The drones are a "potential risk to an organization's information", CNN quoted the alert from DHS's Cybersecurity and Infrastructure Security Agency, as saying on Monday.
The products "contain components that can compromise your data and share your information on a server accessed beyond the company itself".
The DHS does not name any specific manufacturers, but nearly 80 per cent of the drones used in the US and Canada come from DJI, which is headquartered in Shenzhen, China.
US local law enforcement organizations and infrastructure operators have grown to rely on drones in recent years.
"The US government has strong concerns about any technology product that takes American data into the territory of an authoritarian state that permits its intelligence services to have unfettered access to that data or otherwise abuses that access.
"Those concerns apply with equal force to certain Chinese-made (unmanned aircraft systems)-connected devices capable of collecting and transferring potentially revealing data about their operations and the individuals and entities operating them, as China imposes unusually stringent obligations on its citizens to support national intelligence activities," the alert added.
The warning from DHS follows an executive order signed by President Donald Trump last week that effectively banned US firms from using telecommunications equipment made by the Chinese company Huawei, which has drawn similar national security concerns of government spying, CNN reported.

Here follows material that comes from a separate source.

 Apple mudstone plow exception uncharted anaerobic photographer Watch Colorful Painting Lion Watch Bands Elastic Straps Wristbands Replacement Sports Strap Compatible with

The US and China are currently locked in a trade war that has frayed the two countries' relationship as it deteriorated in recent weeks.
US officials have raised national security concerns about Chinese-made drones also in the past.
In 2017, the US Army issued a ban the use of DJI drones, alleging that the company shared critical infrastructure and law enforcement data with the Chinese government.
Also that year, an internal report from an intelligence division of the Immigrations and Customs Enforcement agency in Los Angeles assessed that DJI was "selectively targeting government and privately owned entities within the US to expand its ability to collect and exploit sensitive US data".
In a statement on Monday, DJI said that it gives customers "full and complete control over how their data is collected, stored, and transmitted", adding that "customers can enable all the precautions DHS recommends".
DJI, which reported $2.7 billion in revenue in 2017, is best known for its popular Phantom drone. Introduced in 2013, it is the top-selling commercial drone on the market.